In this study, the confidence indicator is essentially a "possibility range" disclosure: it tells users how certain the AI is, without introducing expert conflict or contradiction. My published work has found that this type of uncertainty is generally harmless or even positive for credibility perceptions. And indeed, the indicator didn't make people trust the AI less when it was right. It only amplified skepticism when the content was actually problematic, which is exactly the differential pattern that prior work would predict.

The harder question from the literature has always been whether attitudinal effects translate into downstream behavior. In climate communication, public health, and financial risk contexts, the answer is usually "less than you'd hope." This study extends that finding to AI interfaces: knowing that the AI is uncertain is not sufficient to overcome the behavioral inertia of accepting its output at face value.

Limitations and Next Steps

The most important limitation is ecological validity. In this experiment, participants were evaluating AI responses to questions they didn't personally ask. They were reading about vitamin D or earthquake prediction because I assigned them to, not because they woke up wondering about it. In a real-world interaction, a user's intrinsic motivation to get the right answer would be much stronger. Someone planning their actual vitamin D regimen cares a lot more about accuracy than someone answering quiz questions for a $0.50 bonus.

That difference in motivation could plausibly amplify the indicator's behavioral effect.
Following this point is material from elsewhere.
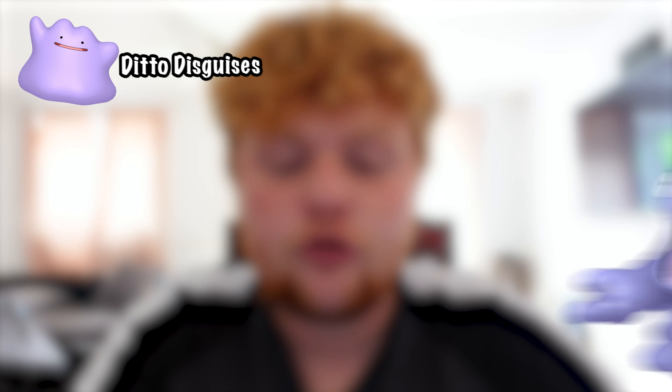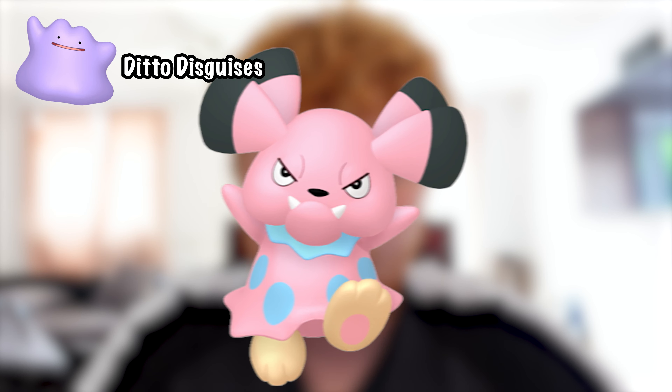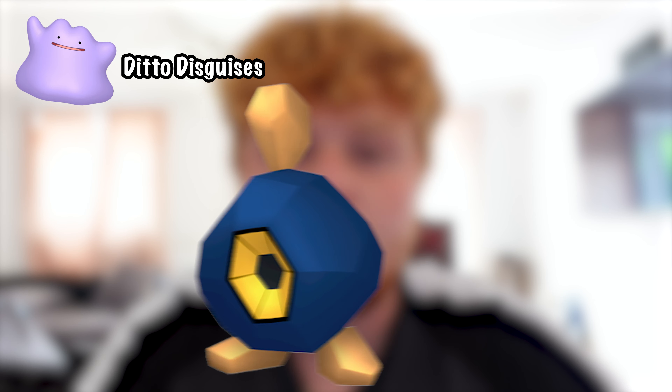The current Ditto disguises are: Iglit, Grimer, Snubble, Porygon, Starly, Rockruff, Tympole, and Litleo. The Ditto disguises have not changed since September, so if you watched the September Ditto disguise video, just note they are the same.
If you genuinely need the answer to be right, a low-confidence flag might tip you over the edge into verification in a way it didn't in this experiment. Or it might not, and the inertia of accepting AI output might be even stronger when users are in a flow state and trying to get things done quickly. The honest answer is that this study can't distinguish between those possibilities.

The next step is testing in a more realistic environment. That means building a functional AI interface with a confidence disclosure feature and observing how people interact with it on questions they actually care about. Think-aloud usability testing with 8 to 12 participants using a high-fidelity prototype would capture the qualitative texture that this quantitative study can't: what do people actually look at, what do they ignore, what would make them click through to verify? The quantitative study tells us that disclosure alone is insufficient. The qualitative follow-up would tell us what "sufficient" looks like.

Research Materials

This study was designed and executed independently using Qualtrics for survey programming and Prolific for participant recruitment. The analysis pipeline was built in R (tidyverse, car, emmeans) with a reproducible script that regenerates all results and an HTML summary when new data is added. The confidence indicator stimuli, secondary source materials, and comprehension assessments were all developed specifically for this study.